You're right about more contradictions coming in as time goes by. However, you picked a poor example IMO. For one thing, what was seen in the movie of those events were in a mind meld and therefore Spock seeing Nero with the tatoos didn't necessarily happen minutes after the destruction of Romulus. In other words, Spock skipped ahead in time from the destruction of Romulus to him seeing the tatooed Nero. Also, considering the fact that Spock manipulated or at least misled Kirk by implying that bad things would happen if the two Spocks met, it's possible that he left things out of the mind meld and misrepresented others and therefore there are no real contradictions between the movie and Countdown.

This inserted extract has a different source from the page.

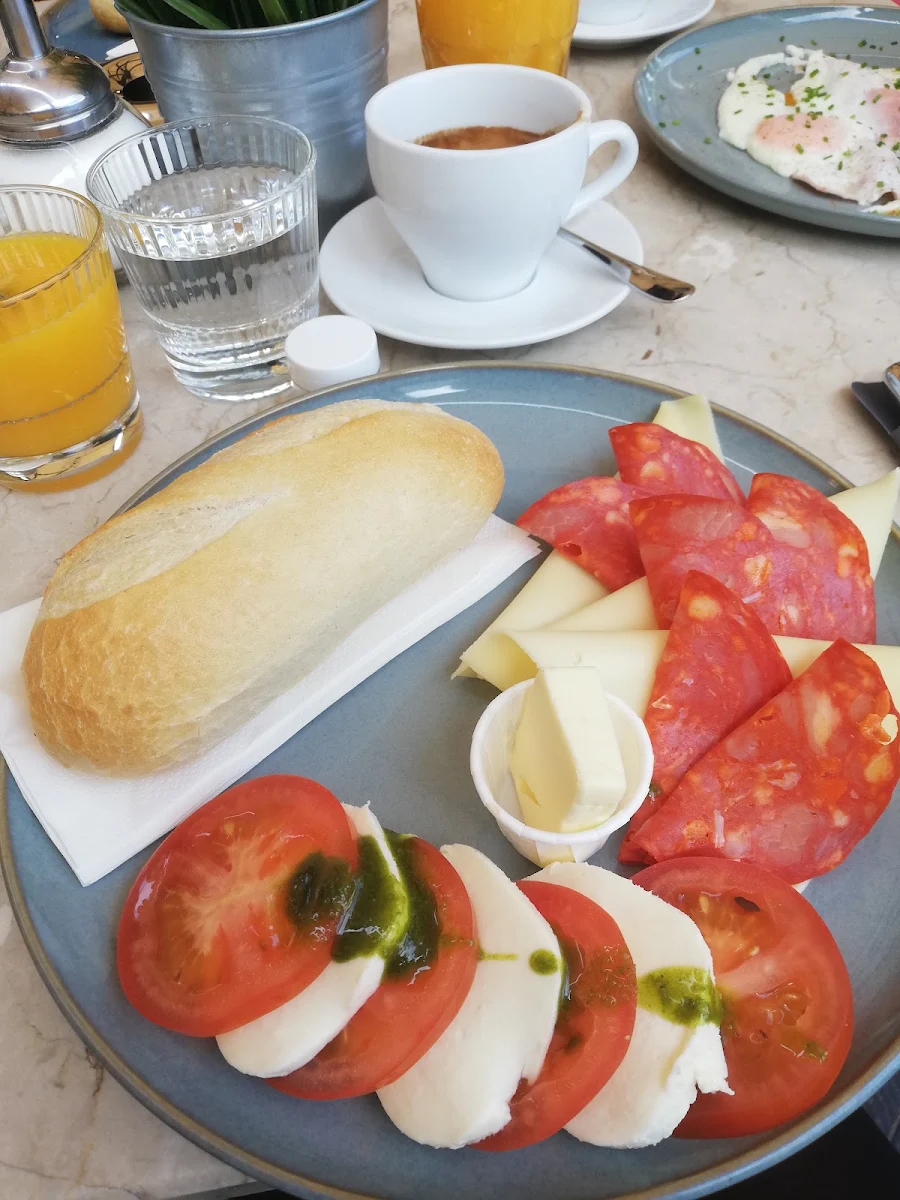 Mediterranes Frühstück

As for the topic at hand, there are several canonical explanations. One is, as pointed out by others in this thread, that not all Klingons were infected. The second explanation is suggested by the scientist who helped Phlox cure the disease when he mentioned possibly seeking a career in cranial reconstruction which would suggest the possibility that the ridges we see in the new movie are artificial. The third explanation is that a way to bring back the ridges was found sooner in the alternate reality.